▸ **Work to be completed**
Output, word for word, each line from the one with "I did some comparisons" through the end of the listing below, excluding every picture.
[Data section Boundary: Start]
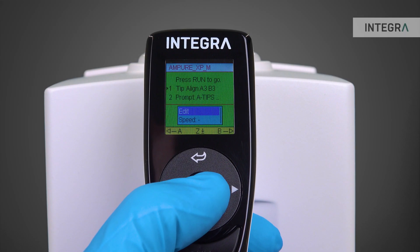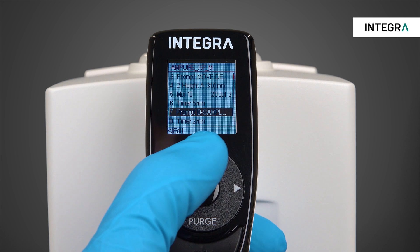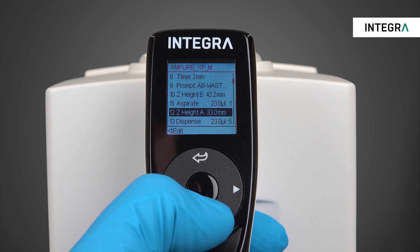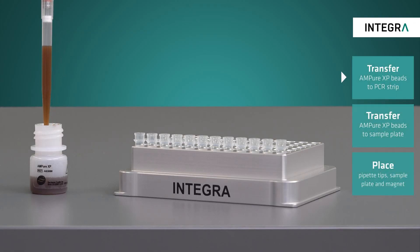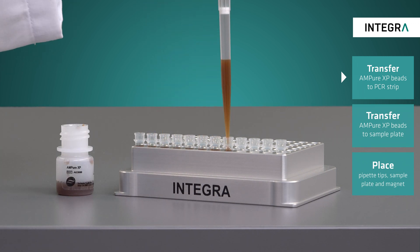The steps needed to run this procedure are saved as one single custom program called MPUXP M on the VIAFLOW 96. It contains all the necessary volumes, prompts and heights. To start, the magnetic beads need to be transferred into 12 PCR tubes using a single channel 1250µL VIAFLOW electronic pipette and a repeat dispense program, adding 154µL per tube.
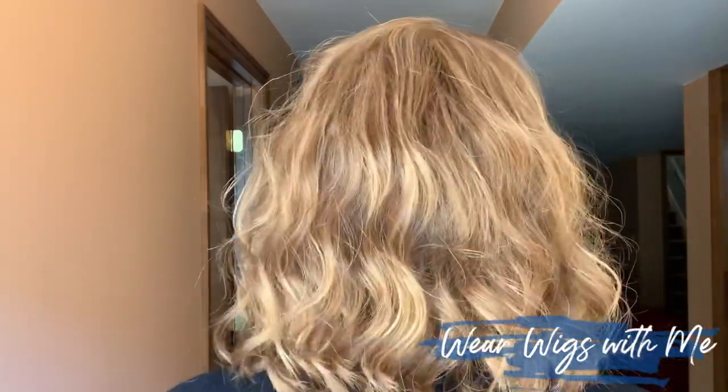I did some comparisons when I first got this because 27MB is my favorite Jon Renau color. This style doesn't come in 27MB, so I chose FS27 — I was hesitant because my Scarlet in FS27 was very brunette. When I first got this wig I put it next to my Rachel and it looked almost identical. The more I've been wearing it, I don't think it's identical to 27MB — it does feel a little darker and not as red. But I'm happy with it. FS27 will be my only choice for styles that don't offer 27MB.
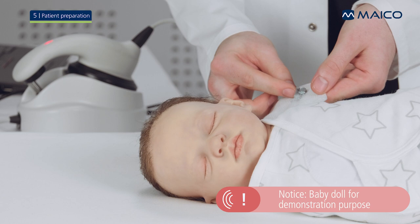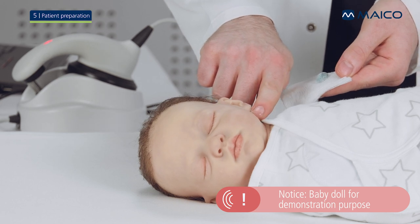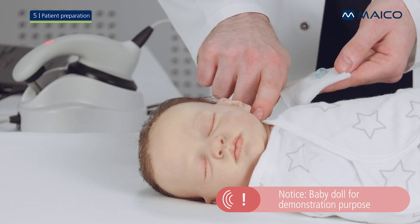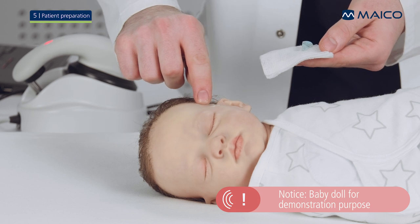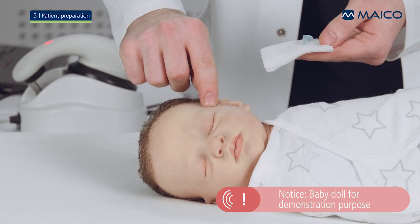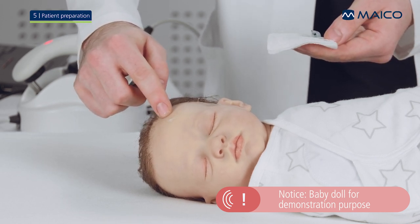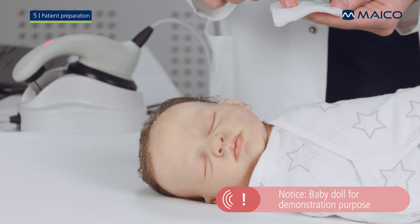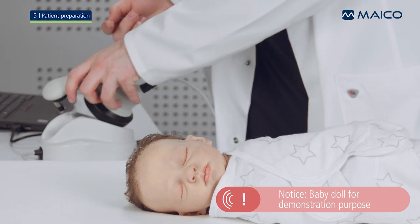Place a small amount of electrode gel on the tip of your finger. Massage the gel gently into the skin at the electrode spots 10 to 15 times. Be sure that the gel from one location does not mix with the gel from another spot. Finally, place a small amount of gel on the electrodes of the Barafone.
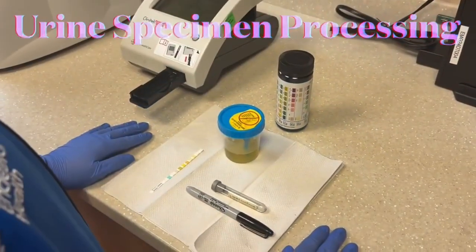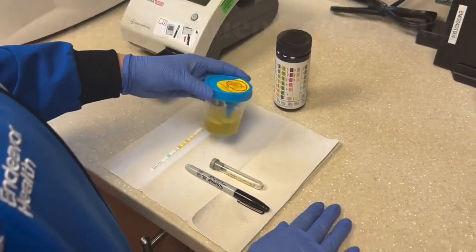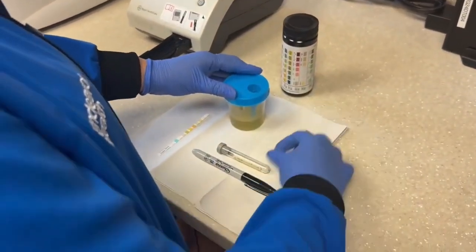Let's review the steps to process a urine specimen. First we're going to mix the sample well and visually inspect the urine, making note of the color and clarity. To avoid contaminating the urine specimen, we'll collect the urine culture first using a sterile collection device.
[Data section Boundary: End]
▸ **Solution to this exercise**
I did some comparisons when I first got this because 27MB is my favorite Jon Renau color. This style doesn't come in 27MB, so I chose FS27 — I was hesitant because my Scarlet in FS27 was very brunette. When I first got this wig I put it next to my Rachel and it looked almost identical. The more I've been wearing it, I don't think it's identical to 27MB — it does feel a little darker and not as red. But I'm happy with it. FS27 will be my only choice for styles that don't offer 27MB.
Place a small amount of electrode gel on the tip of your finger. Massage the gel gently into the skin at the electrode spots 10 to 15 times. Be sure that the gel from one location does not mix with the gel from another spot. Finally, place a small amount of gel on the electrodes of the Barafone.
Let's review the steps to process a urine specimen. First we're going to mix the sample well and visually inspect the urine, making note of the color and clarity. To avoid contaminating the urine specimen, we'll collect the urine culture first using a sterile collection device.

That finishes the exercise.